Cain Kerner: [00:19:58] Number four, today is the tomorrow that you worried about yesterday.

Tony Kaizen: [00:20:03] That's another... All these points are good, man. But that's another good one. Today is the tomorrow you worried about yesterday. And to be honest, I had to think about this one. It's a really simple sentence, but I had to think about what it really means. Excuse me. And I guess you could interpret it multiple ways, but... Hang on. Geez. Okay. No more Red Bulls during podcasts because goddamn, I burped, like, 15 times. But anyway, this phrase could be interpreted in many ways, right? I think. But today is the tomorrow you worried about yesterday, when I hear that, I think that a lot of people, myself included, have a bad habit of living in the future. You know, I heard recently that anxiety is simply living in the future. You're worried about what could happen or what might happen. Even though it hasn't happened yet, it's in the future, this imaginary place.

[00:21:06] And depression is living in the past. There's something in the past that you just can't let go of. You can't walk away from it. You can't overcome it. You're stuck there in the past and you're depressed about it. You're sad about something that happened that you can't change and you can't let go of. So living in the future is anxiety. Living in the past is depression. So all you really have, the only healthy way to live is living in the present. You know what I'm saying? And a lot of us spend so much time worrying about tomorrow, next week, next month, next year. But tomorrow will never come, technically. All you have is the present moment.

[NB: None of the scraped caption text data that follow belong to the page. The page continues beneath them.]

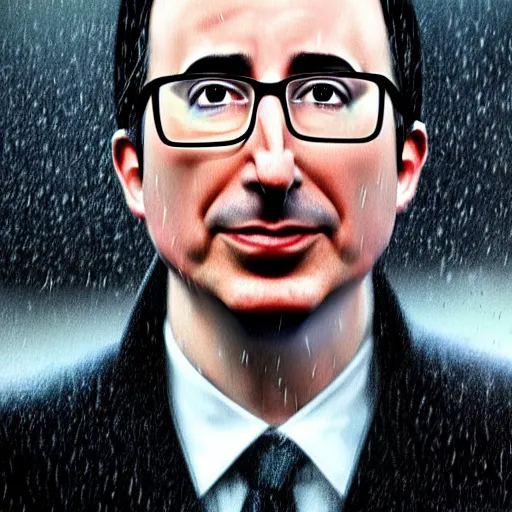 Prompt: John oliver in the rain, realistic detailed face, artstation, concept art, sharp focus, matte painting, hyper detailed, hyper realistic, art by Akira Toriyama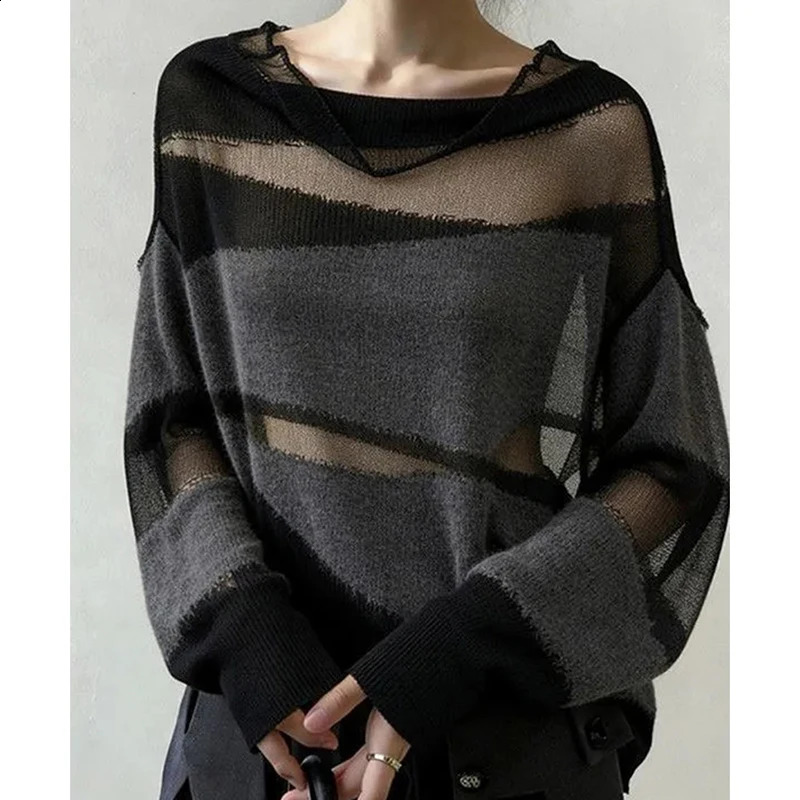 Women Spring Summer Sunproof Knitwear Lightweight Sheer Tie Dye Pullover Long Sleeve Loose Casual Street Lazy Harajukutop 260917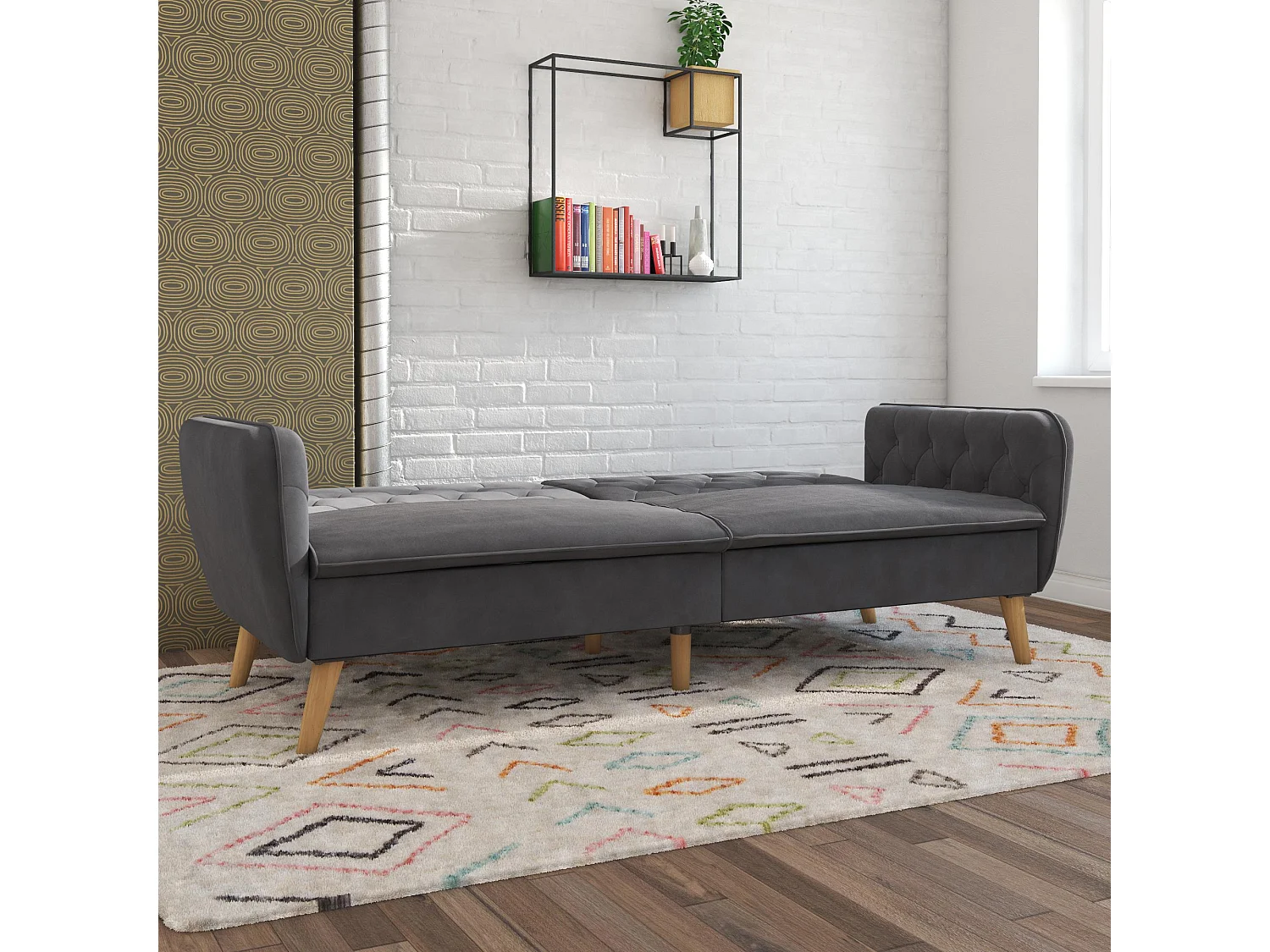 Schlafsofa 3 Sitze in Velvet Grau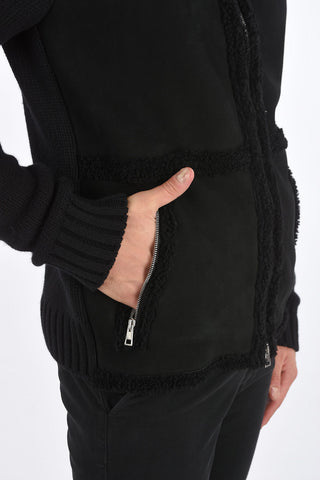 Shearling Mutton Jacket with Knitted Details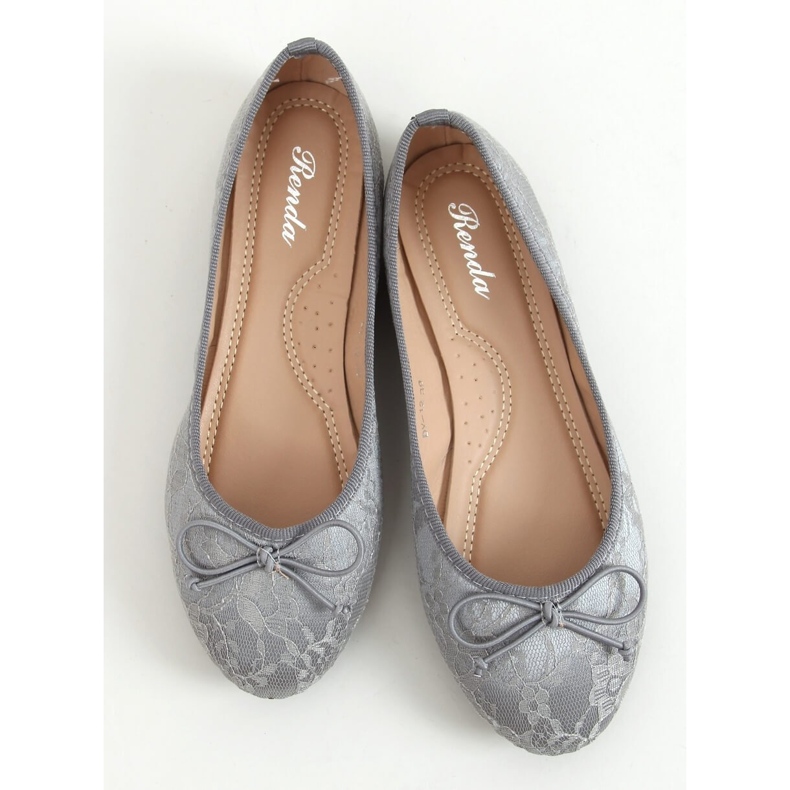 Ballerines en dentelle Casey Grey gris 1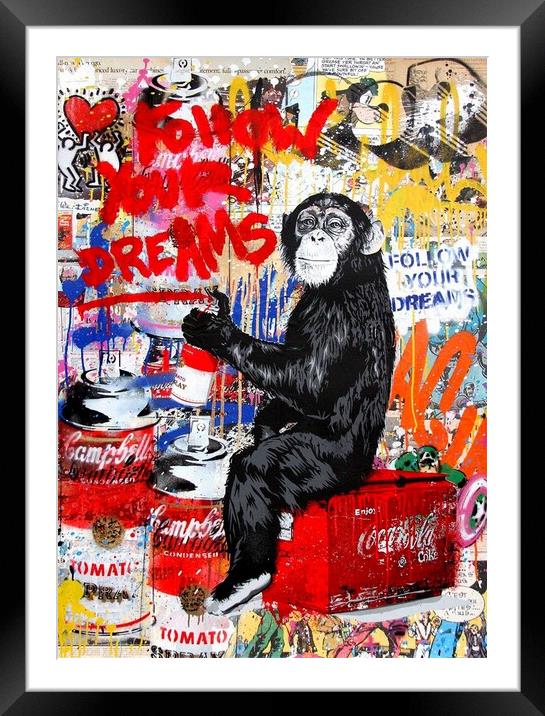 Ape brainwashing the world Framed Mounted Print by Zahra Majid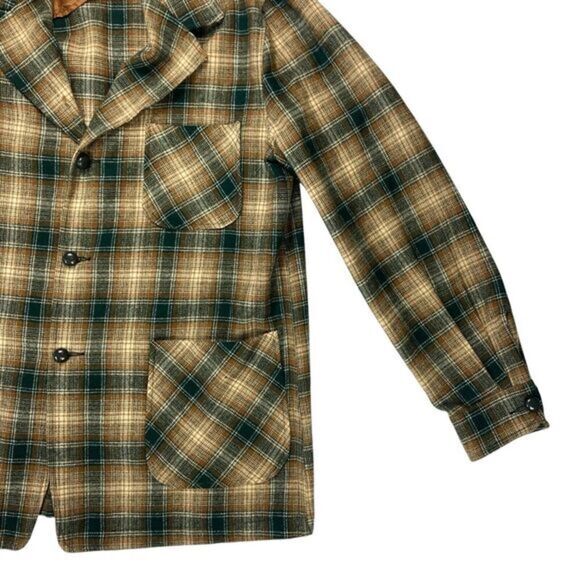 Pendleton Vintage Flannel Jacket Shirt Sz L 1960's Plaid Wool Sport Coat Shacket - Picture 4 of 16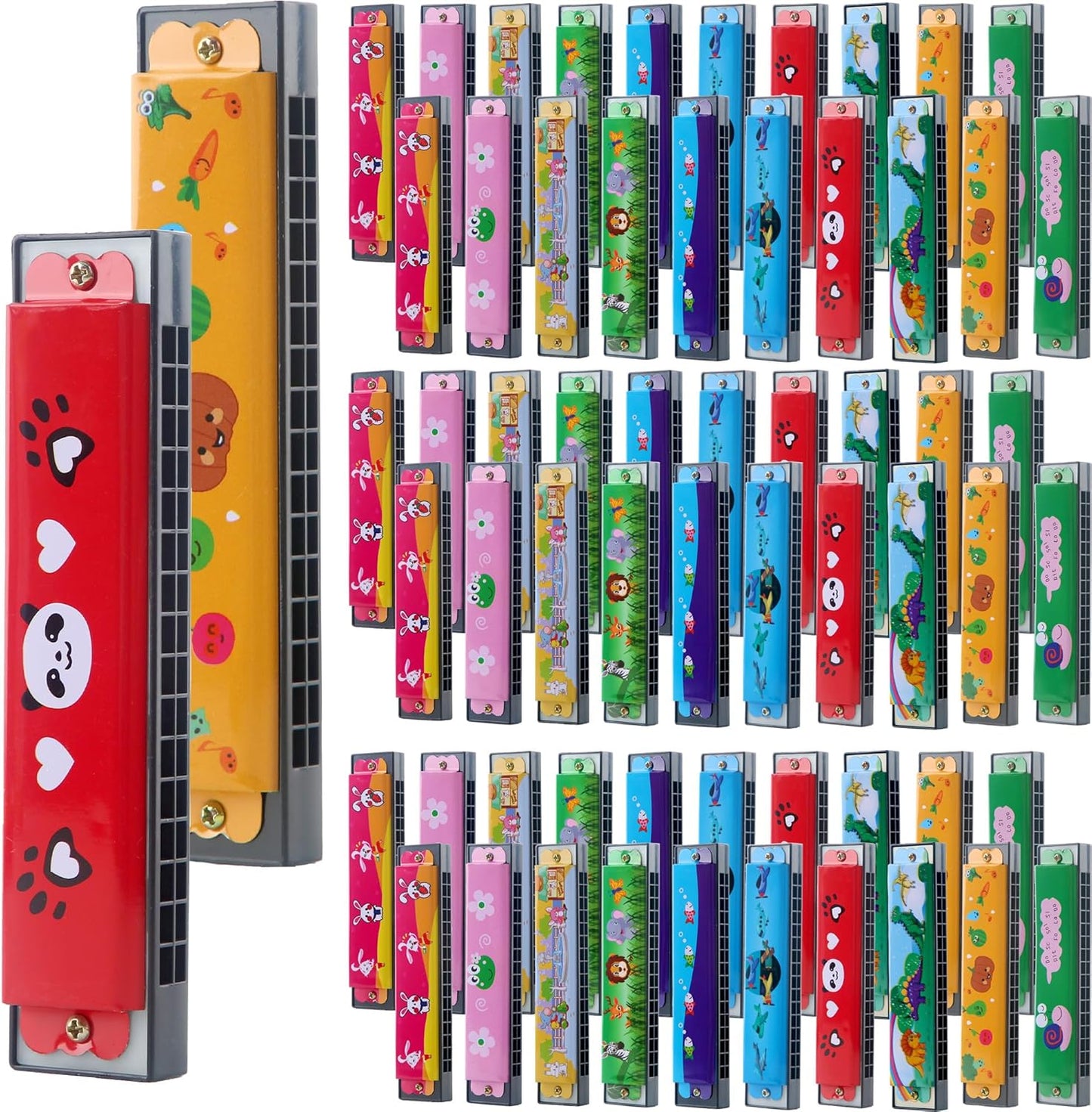 15 Pack Harmonica Toy for Kids Cartoon Harmonica with Double Row of 16 Holes Musical Instrument Toy for Toddler Kids Adult Beginners' Musical Instrument Toy Gift, Random Color Pattern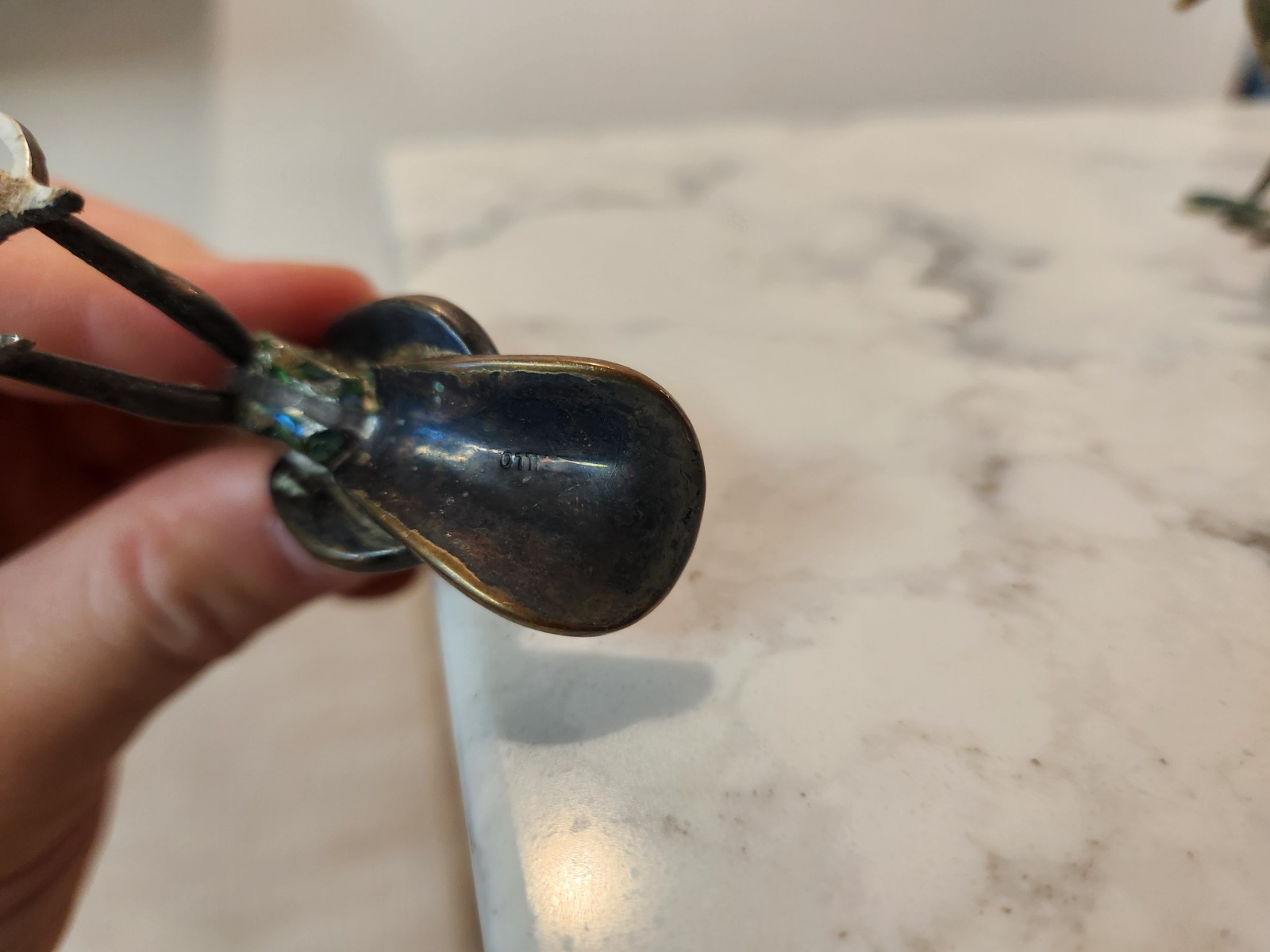 Vintage Los Castillo Mexican Bird Silver Malachite Roadrunner Figure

So you're worried about tomorrow, tomorrow, tomorrow.

[00:21:52] But today is the tomorrow you worried about yesterday. So the question is, what are you going to do today? Because yesterday you were so worried about today and now here it is. What are you going to do? The answer for most people is, I'll worry about tomorrow, worry about the next day. For obvious reasons that's just a really bad idea, you know? But it's a, it's a weird... It's a weird balancing act, you know what I'm saying? Because we have to live in the present if we want to be, you know, healthy and happy, it's the only way to be. But at the same time, you have to think about tomorrow to prepare for tomorrow. So I guess the point is, even though you have to think about and prepare for the future, you need to live here in the present. Take action now. You know what I'm saying? 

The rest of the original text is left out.